### Exercise description
Although the entries contain pictures, the copy should hold only their exact text.

### Entries shown
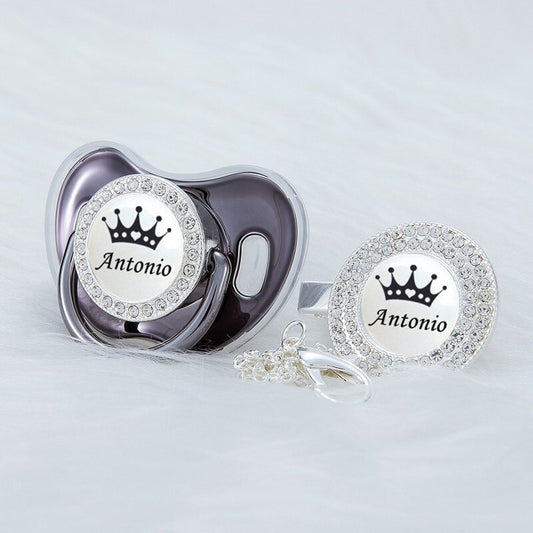 MIYOCAR Personalized black crown bling rose gold pacifier and clip BPA free dummy unique design SGS Approval  PWBC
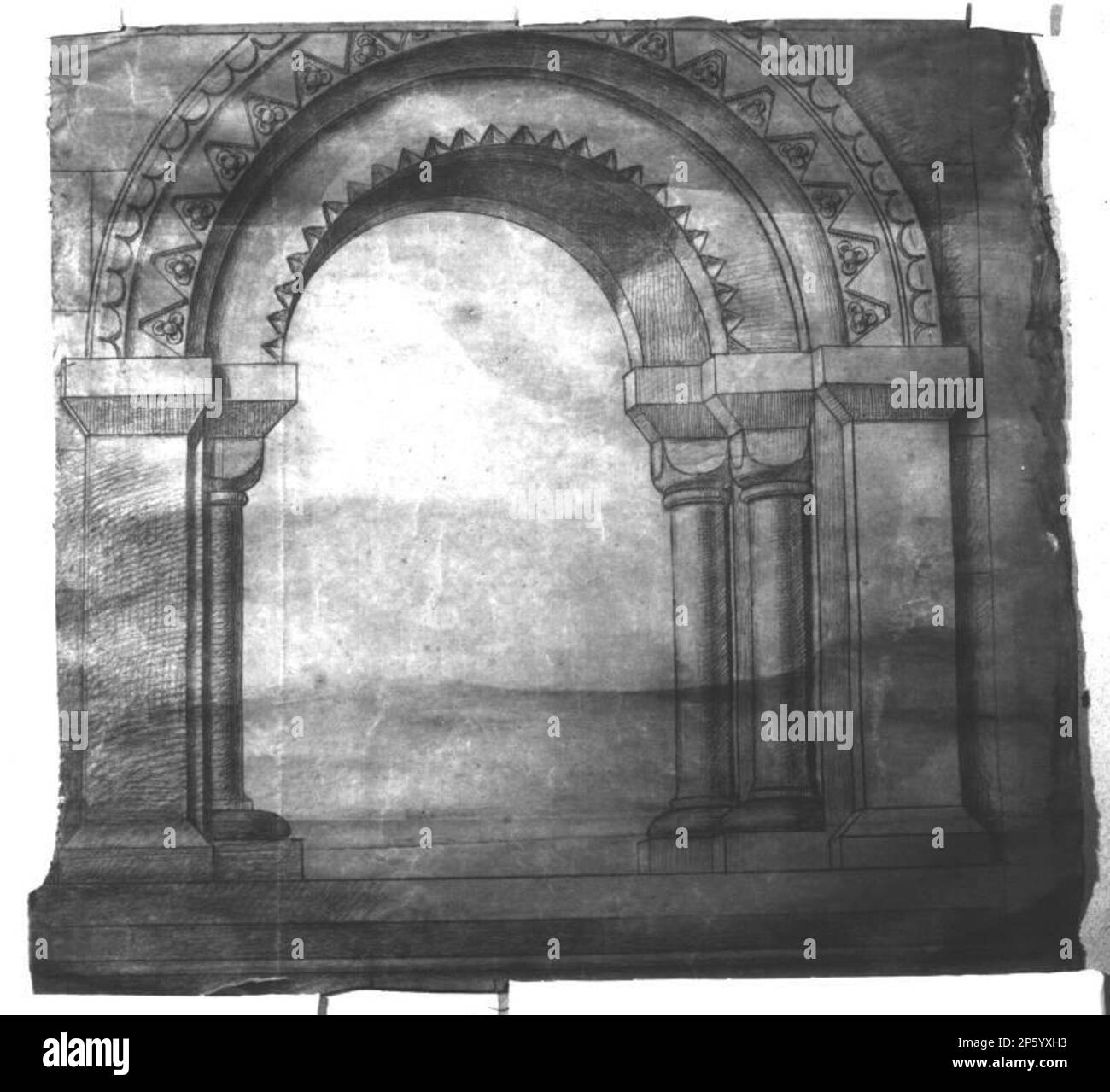 Fragment of Cartoon for Fresco 'Mercy' in House of Lords. Arch, William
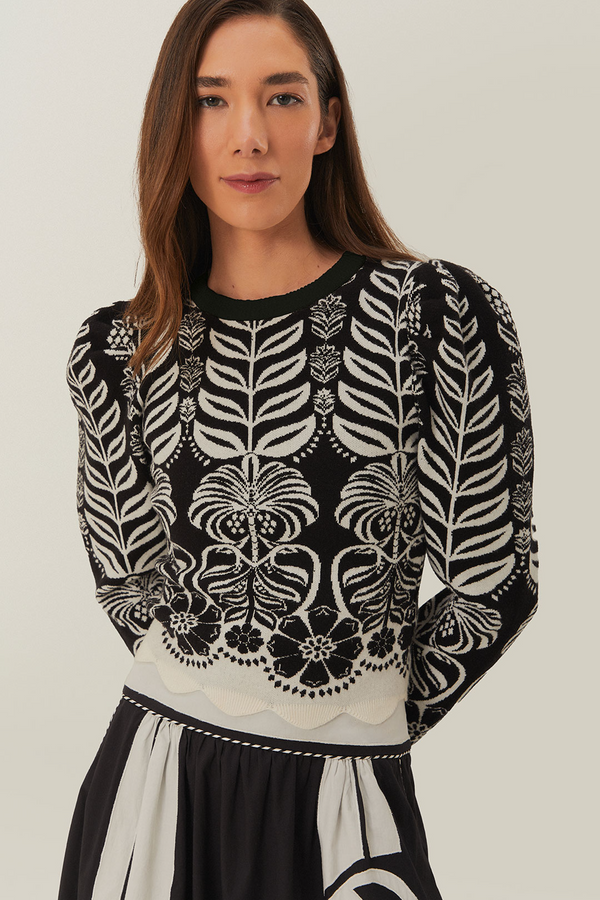 Black Ainika Tropical Splendor Knit Blouse Top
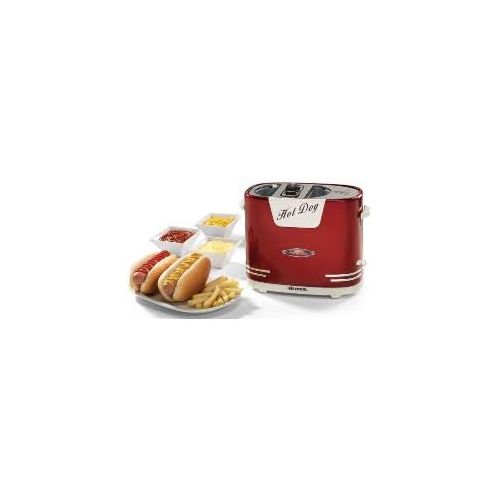  Ariete 00C018600AR0 Hot Dog Maker 186 Partytime im Retrostil der 50-er Jahre, 650 W, metallic rot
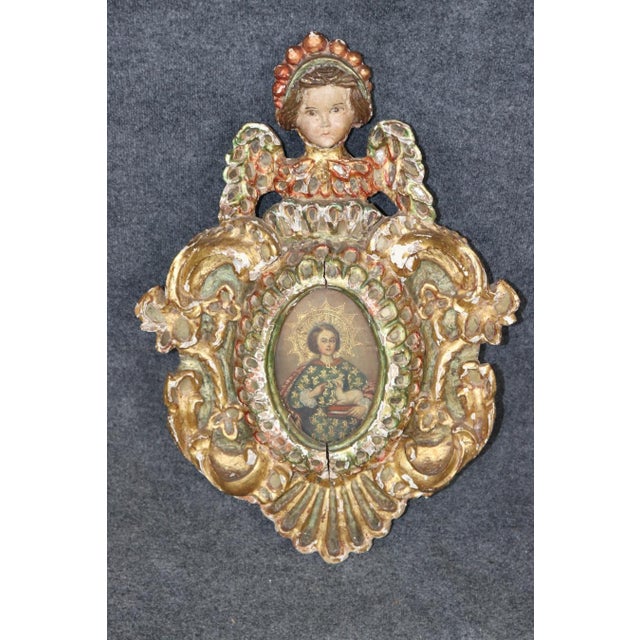 Pair Antique Carved and Gilded Wood Wall Reliquary Plaque With Angel Crests For Sale - Image 4 of 10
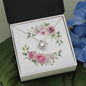 Watercolor Pink Floral Frame 2 - Love Knot Necklace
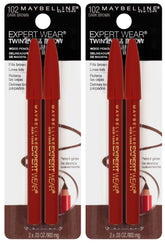 Maybelline Expert Wear Twin Brow & Eye Pencil in dark brown for long-wearing brows and eyes.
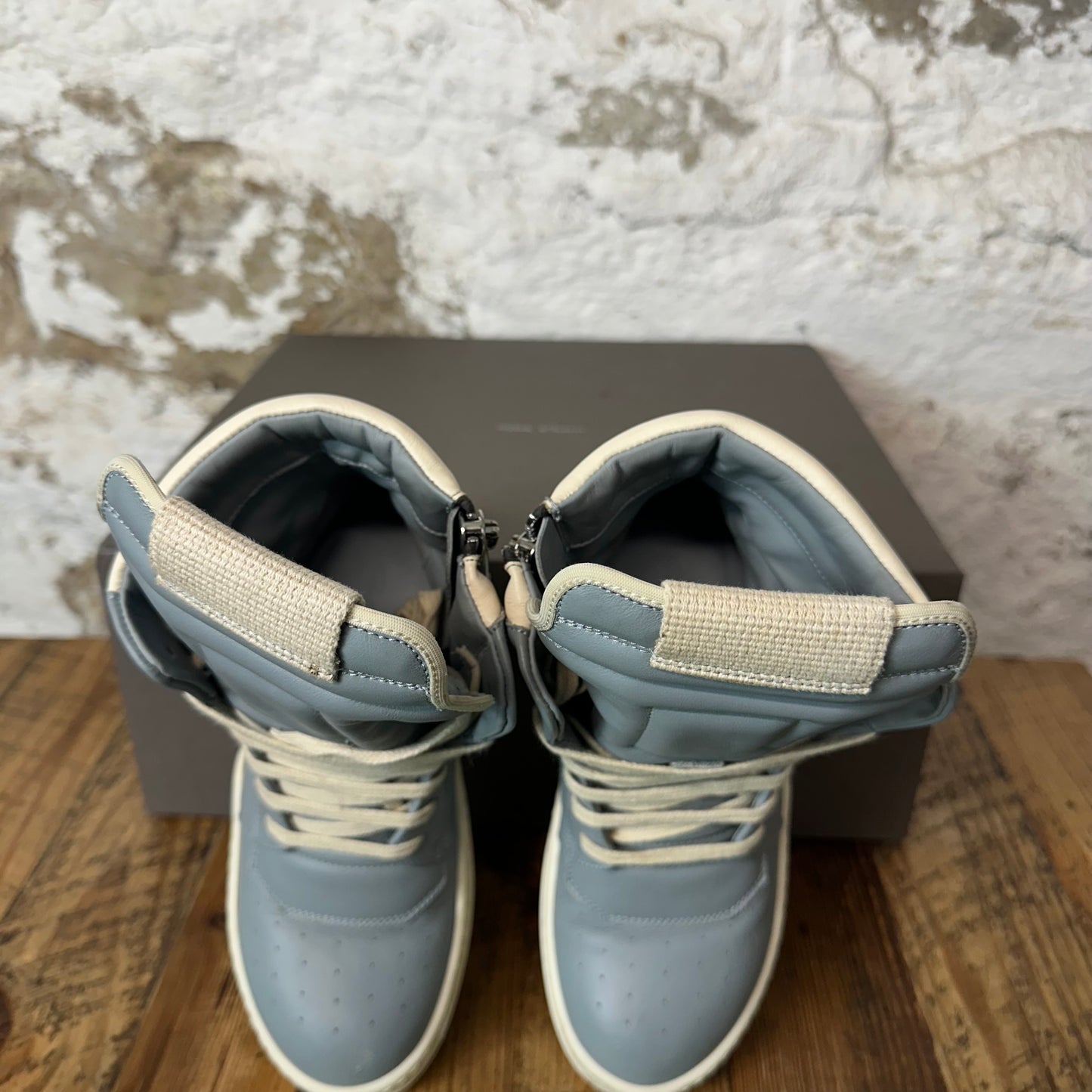 Rick Owens High Geobasket Pale Blue Milk Sneaker Sz 4.5 (36)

### Output of the exercise
 MIYOCAR Personalized black crown bling rose gold pacifier and clip BPA free dummy unique design SGS Approval  PWBC
 Fragment of Cartoon for Fresco 'Mercy' in House of Lords. Arch, William
 Black Ainika Tropical Splendor Knit Blouse Top
  Ariete 00C018600AR0 Hot Dog Maker 186 Partytime im Retrostil der 50-er Jahre, 650 W, metallic rot
 Pair Antique Carved and Gilded Wood Wall Reliquary Plaque With Angel Crests For Sale - Image 4 of 10
 Watercolor Pink Floral Frame 2 - Love Knot Necklace
 Maybelline Expert Wear Twin Brow & Eye Pencil in dark brown for long-wearing brows and eyes.
 Rick Owens High Geobasket Pale Blue Milk Sneaker Sz 4.5 (36)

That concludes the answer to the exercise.